Autism and Eating Disorders Linked

July 08, 2020

New Study Identifies Which Issue Comes First

Research has proven that eating disorders and autism spectrum disorder (ASD) can occur comorbidly. Over the years, study after study after study has connected these two conditions. However, determining which disorder precedes the other had never been examined until now. New research from University College London (UCL) provides an answer to this question.

UCL’s longitudinal study published in the Journal of Child Psychology and Psychiatry discovered that autism traits appear first in children followed by eating disorder behaviors later in adolescence. The research team was able to determine the order of these conditions by using data from the Avon Longitudinal Study of Parents and Children. More than 5,300 children born in the United Kingdom during the 90s were enrolled in the study. The research team used the Avon data to look for autistic social traits in these children at ages 7, 11, 14 and 16. It should be noted that autism traits were mother reported instead of using a formal autism diagnosis. After receiving data about autism traits, the team surveyed the same cohort at age 14 and enquired about disordered eating habits (fasting, purging, prolonged dieting, or binge eating) they may have had or currently have.

Results showed that 11.2% of girls reported at least one eating disorder within the previous year (7.3% experience them monthly and 3.9% weekly) compared to 3.6 of boys (2.3% monthly and 1.3% weekly.) Due to the longitudinal nature of the study, researchers were able to go back in time to track behaviors associated with autism from an earlier age. The 14 year olds which exhibited eating disorders showed higher traits of autism at age 7. In fact, children displaying higher autistic traits at age 7 were 24% more likely to have weekly disordered eating habits at age 14. Additional investigation indicated that eating disorders at 14 did not appear to increase traits of autism at age 16.

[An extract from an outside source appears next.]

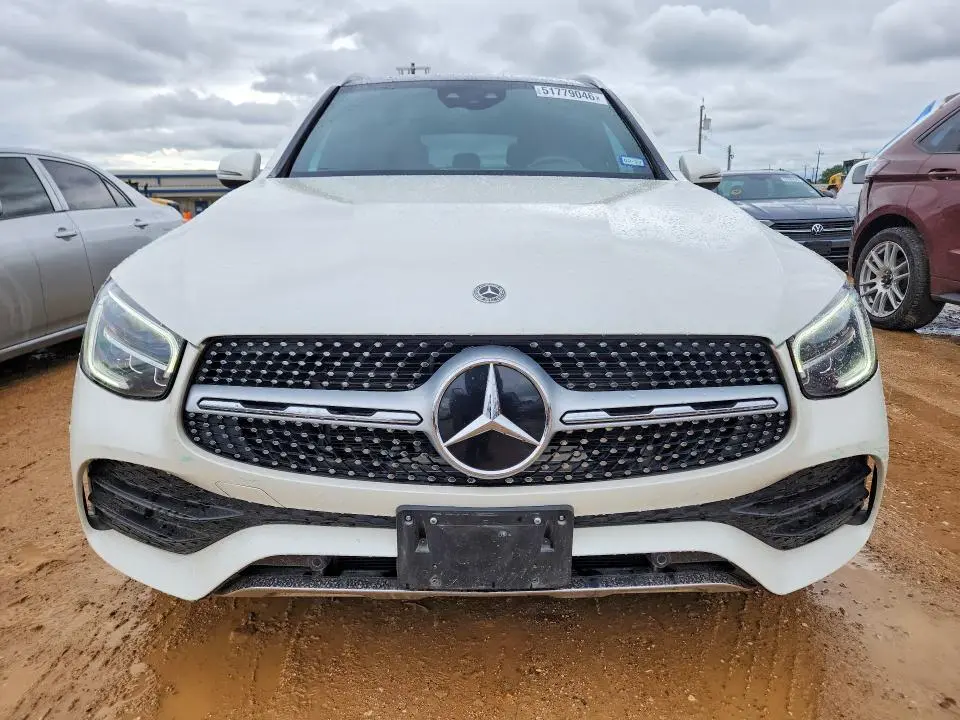 2021 MERCEDES-BENZ GLC 300  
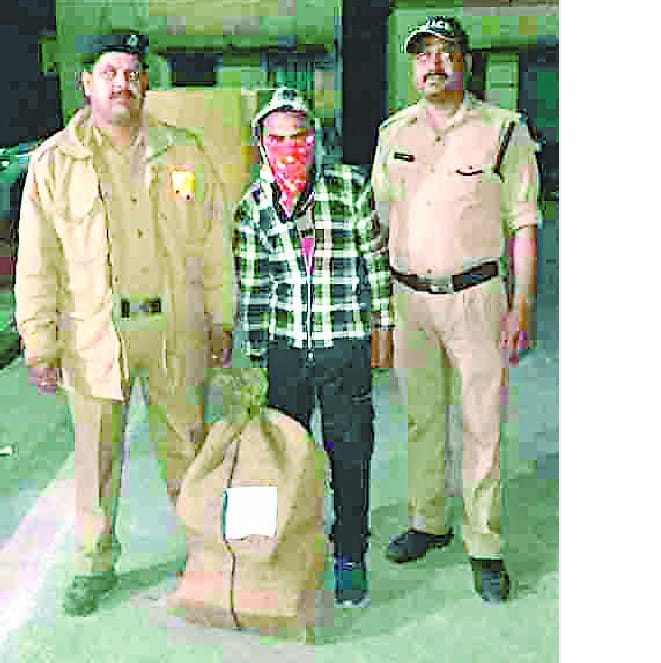 police-arrested-three-people during checking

Dr. Francesca Solmi, leader author, states, “We have found that young children with autistic traits at age 7 are more likely than their peers to end up developing eating disorder symptoms in adolescence. Most other studies looked at snapshots in time, rather than tracking people over multiple years, so it wasn’t clear whether autism increases the risk of eating disorders, or if symptoms of eating disorder could sometimes resemble autistic traits.”

Co-author Dr. William Mandy added, “The next step is to learn more about why those with autistic traits have a higher risk of developing an eating disorder so we can then design interventions to prevent eating disorders. Around a fifth of women presenting with anorexia nervosa have high levels of autistic traits—and there is some evidence that these women benefit the least from current eating disorder treatment models. People with autism and eating disorders may need a different approach towards treatment.”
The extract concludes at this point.